Dataset items –

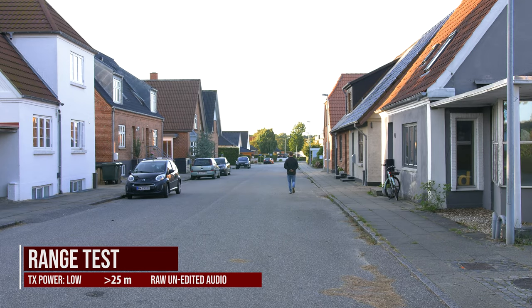Now I'm testing the lowest power setting on the transmitter. I'm 25 meters away — there's no interference at this distance. This low or middle setting is probably what I'll use in practice. I just turned around with the mic on my back again, and we're hitting the 50-meter mark.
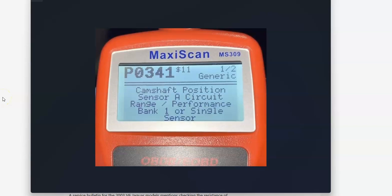Hello all. Today I'm talking about a Dodge with the P0341 code — what it is and how you go about fixing it.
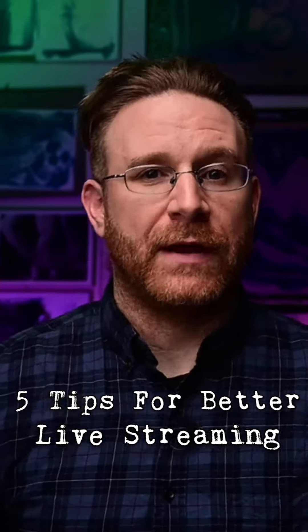Hey, Seth Miranda here, Last X Witness on all social media. I'm a pro photographer right here in New York and I'm going to give you five tips for better live streaming.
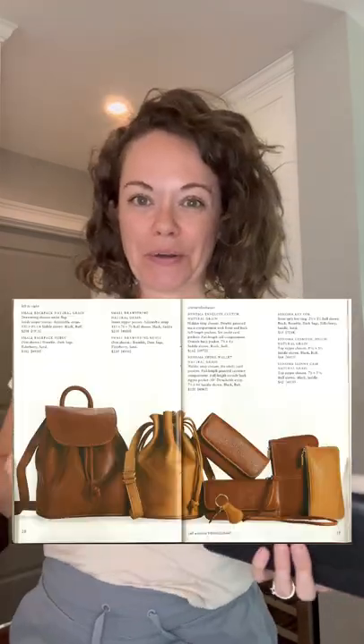You might hear my dog prancing around in the background — sorry about that. Recently in my Facebook group, which is called Vintage Coach Eye Candy — please come over and join if you haven't — I posted an old catalog photo of a Sonoma lineup, and I had quite a few of the items in that photo.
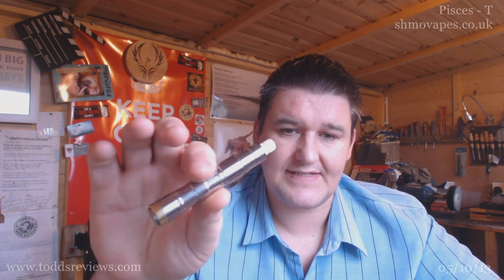Good morning — it's 10 o'clock in the morning here in bonnie Scotland, in my shed. Just a few days ago I put a review up for this — this is a little Pisces M Mini, the 14,500 mod. I love it, I really do, and that's a Reactor on top.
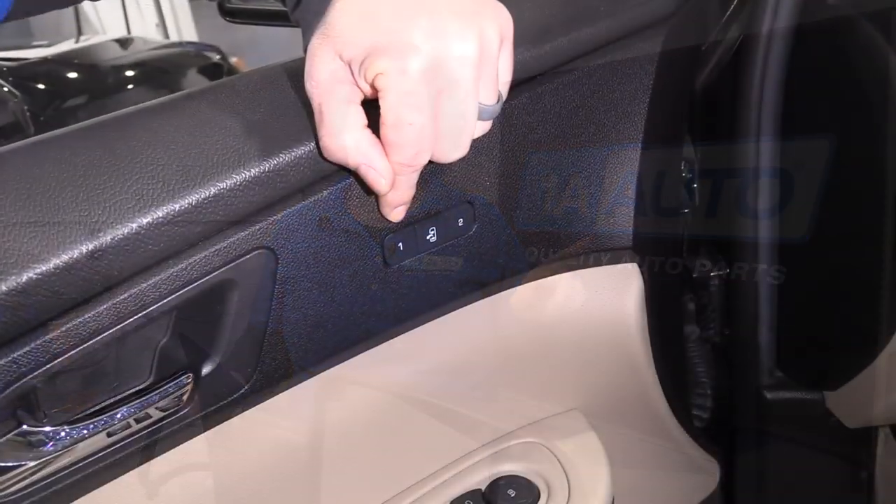Memory mirror is when you have an actual button to preset where you want the mirror to look. When you sit in your seat, everything looks great right where you want it. There's a button you press and it locks it in. So every time you get in your car, you can hit one, and if somebody else had memorized program two, the mirrors might move for their height. If your number is one, you press it to one and the memory mirror automatically goes back to your original setting.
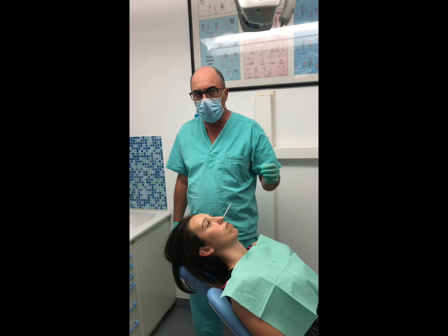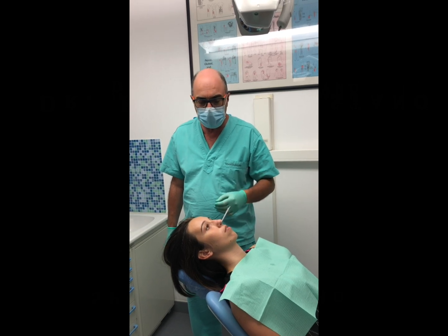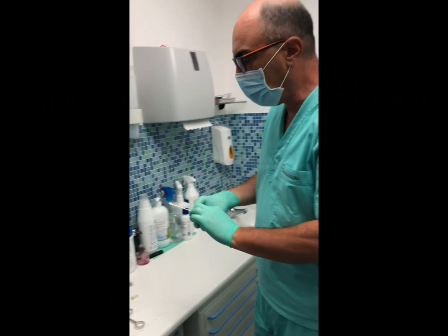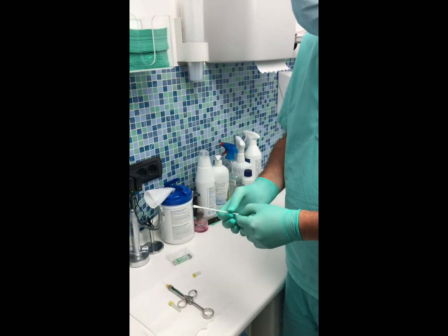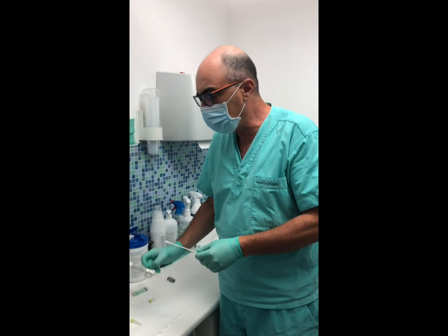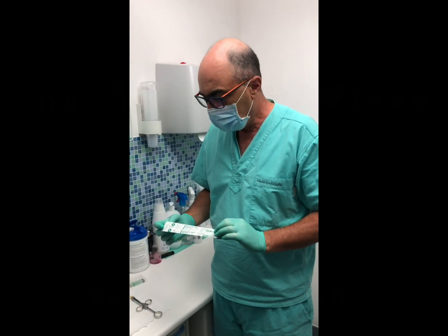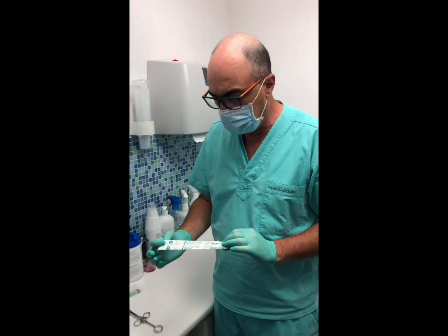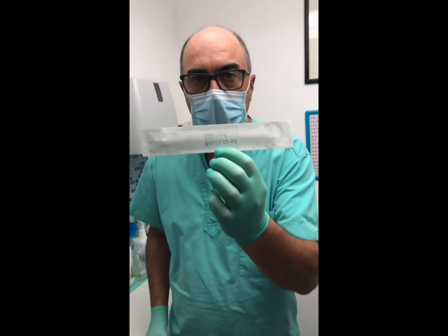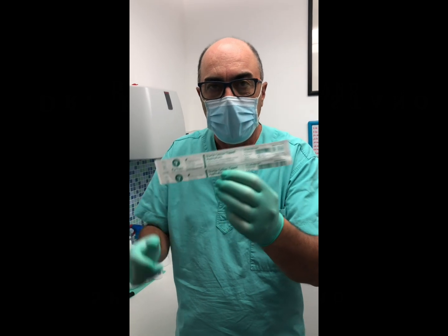I'm going to show you how to perform SPG blocks. Come over to my course — I'll be happy to teach you directly, it's quite simple. What we're doing here is we are using Lidocaine solution to perform SPG blocks. We're using these special stair applicators — let me show you their code right here. I hope you're able to find them; they're very difficult to find in Europe. They're made by Puritan.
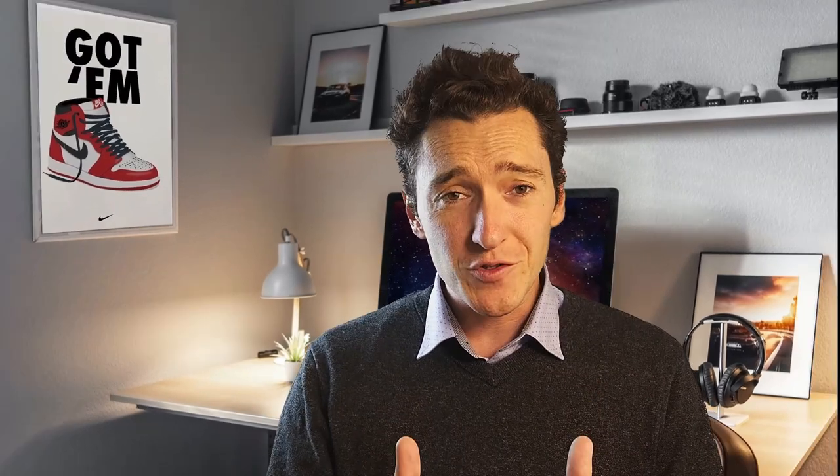But truthfully, I don't think this could be any easier. While I may have been painting for many years, this is the first denim jacket I've ever painted. So you're going to learn along with me.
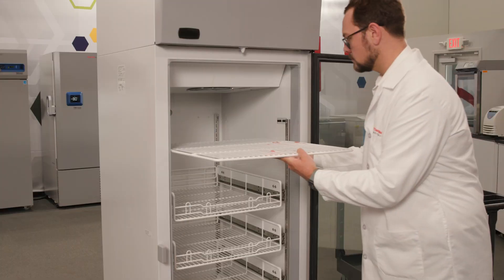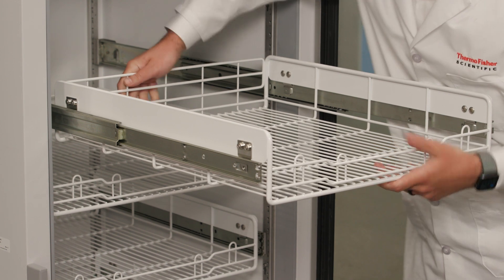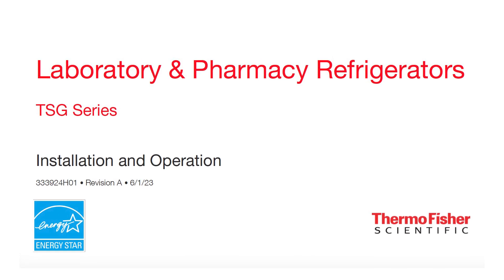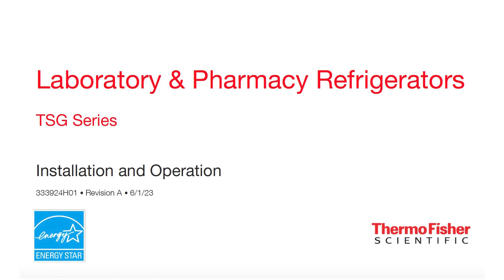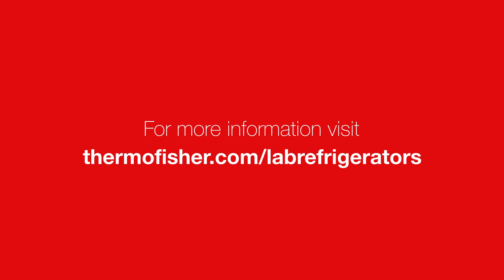Your TSG refrigerator is now ready for shelf installation and basket adjustments. Please view the Thermo Scientific TSG Refrigerator Shelf and Basket Installation video for more instructions. Refer to the Thermo Scientific TSG Refrigerators Installation and Operation Manual for more details. Enjoy your new Thermo Scientific TSG Refrigerator. Visit thermofisher.com/lab-refrigerators for more information.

Task – Nothing but the exact text of the records should appear in your answer, with no pictures. Please write it out.

Result –
Now I'm testing the lowest power setting on the transmitter. I'm 25 meters away — there's no interference at this distance. This low or middle setting is probably what I'll use in practice. I just turned around with the mic on my back again, and we're hitting the 50-meter mark.
Hello all. Today I'm talking about a Dodge with the P0341 code — what it is and how you go about fixing it.
Hey, Seth Miranda here, Last X Witness on all social media. I'm a pro photographer right here in New York and I'm going to give you five tips for better live streaming.
You might hear my dog prancing around in the background — sorry about that. Recently in my Facebook group, which is called Vintage Coach Eye Candy — please come over and join if you haven't — I posted an old catalog photo of a Sonoma lineup, and I had quite a few of the items in that photo.
Good morning — it's 10 o'clock in the morning here in bonnie Scotland, in my shed. Just a few days ago I put a review up for this — this is a little Pisces M Mini, the 14,500 mod. I love it, I really do, and that's a Reactor on top.
Memory mirror is when you have an actual button to preset where you want the mirror to look. When you sit in your seat, everything looks great right where you want it. There's a button you press and it locks it in. So every time you get in your car, you can hit one, and if somebody else had memorized program two, the mirrors might move for their height. If your number is one, you press it to one and the memory mirror automatically goes back to your original setting.
I'm going to show you how to perform SPG blocks. Come over to my course — I'll be happy to teach you directly, it's quite simple. What we're doing here is we are using Lidocaine solution to perform SPG blocks. We're using these special stair applicators — let me show you their code right here. I hope you're able to find them; they're very difficult to find in Europe. They're made by Puritan.
But truthfully, I don't think this could be any easier. While I may have been painting for many years, this is the first denim jacket I've ever painted. So you're going to learn along with me.
Your TSG refrigerator is now ready for shelf installation and basket adjustments. Please view the Thermo Scientific TSG Refrigerator Shelf and Basket Installation video for more instructions. Refer to the Thermo Scientific TSG Refrigerators Installation and Operation Manual for more details. Enjoy your new Thermo Scientific TSG Refrigerator. Visit thermofisher.com/lab-refrigerators for more information.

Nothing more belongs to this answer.